What exactly is a modern data warehouse?

G’day,

I was asked recently what a modern data warehouse is – and that’s a vey thought provoking question.

First, there’s the tag “Modern” – I think what’s modern now may not be quite so modern in a year or twos time – maybe sooner, judging by the speed of some technology changes at present.

My initial response – jokingly – was ‘it depends who you ask’, which is a pretty useless – but true – answer.

Firstly let me put some context around my answer. I’ve built my career around Microsoft technologies – so my answer is going to centre around their latest technologies – which are going to be all cloud based, and essentially incorporate Platform-as-a-Service (PaaS) functionality. Your experience may be different, you might be in a different cloud, you might have different ideas – but for me it’s PaaS Services in the Azure cloud. I’ll expand on this shortly.

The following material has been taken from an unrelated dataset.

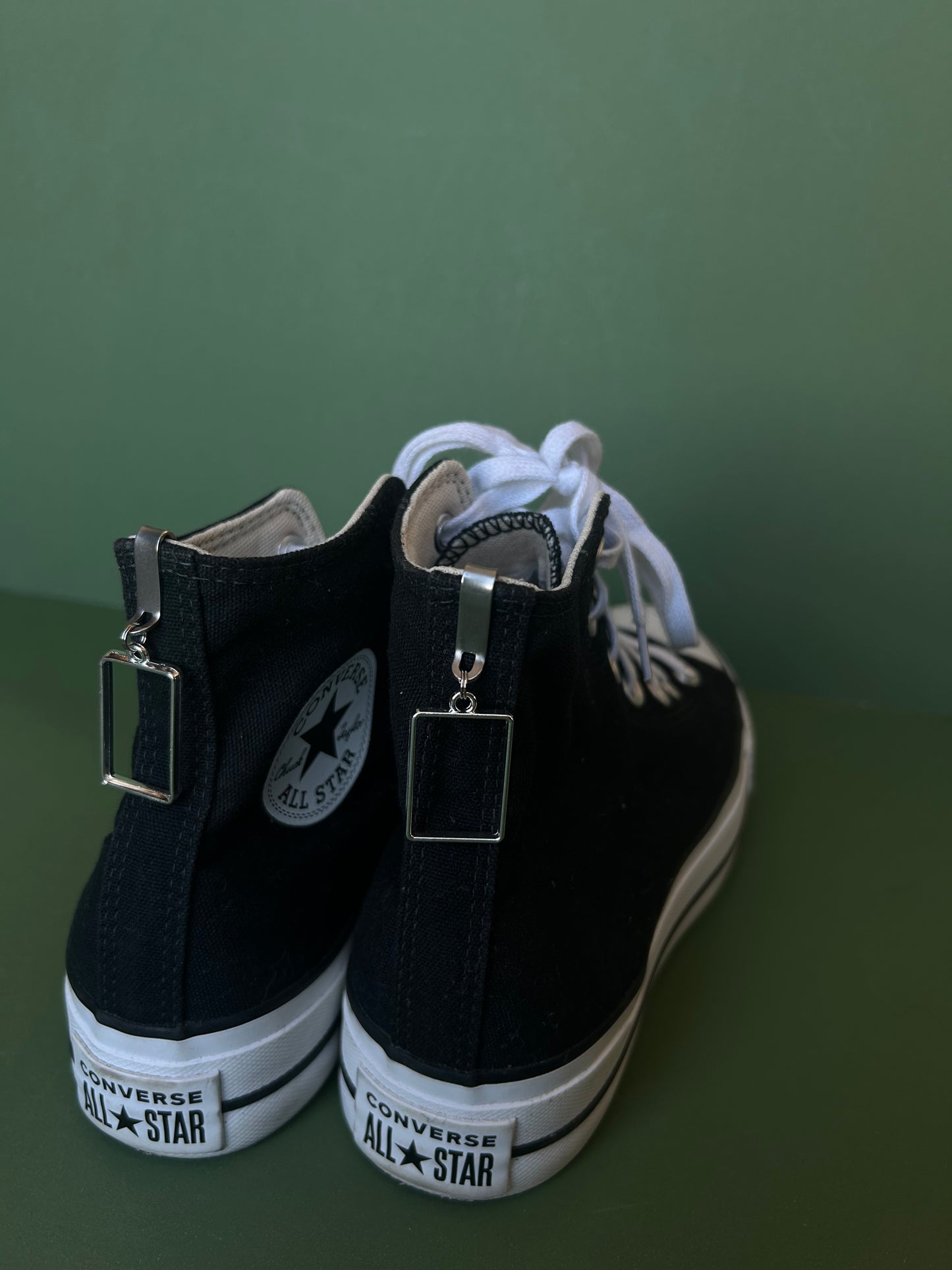 The 1975 box Hi top shoe charms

But let’s (quickly) look back on how I’ve seen data warehouses develop – in my Microsoft world – over the years. They used to be simply built on SQL Server, incorporating fact and dimension tables. There’d be debate about star and snowflake schemas, about kimball or Inmon. More recently people talk about Data Vault. Essentially, people pulled data from their operational (transactional) system into their data warehouse (decision support system or Enterprise data warehouse or whatever they chose to call it).

They did this using some Extract, Transform and Load (ETL) tool (commonly called a data integration tool) like SQL Server integration services.

They might have had a single data source (one transactional system) or they may have had more data sources – so firstly staging the data made sense, then cleaning it and then putting it into the main data warehouse.

We’d have to deal with things like slowly changing dimensions and very often we may not have modelled data exactly as it is in the real world.

We might put analytical models over the data warehouse, initially these were multi-dimensional (MDX) but later Tabular. Then we’d either report straight off the data warehouse or the analytical model – using tools like SQL Server Reporting Services or – lately – Power BI.

For me, things have moved to the cloud and our options have expanded (or should I say exploded)

We can take data from literally any data source and land it in our Azure data lake. This area can be segregated, as it likely contains our raw data. we can now keep this – untouched – as space is literally no longer an impediment (ok, it still costs money, but it’s cheap, and we can have different degrees of storage (hot / cold /archive) and we have to trade off access times with cost. We also don’t have to worry about upgrading and migrating data at any time – this is all part of the service provide by a modern cloud.

We can then start segregating the data into different areas (of the data lake), say a staging area, a clean area, and maybe an area full of curated data sets.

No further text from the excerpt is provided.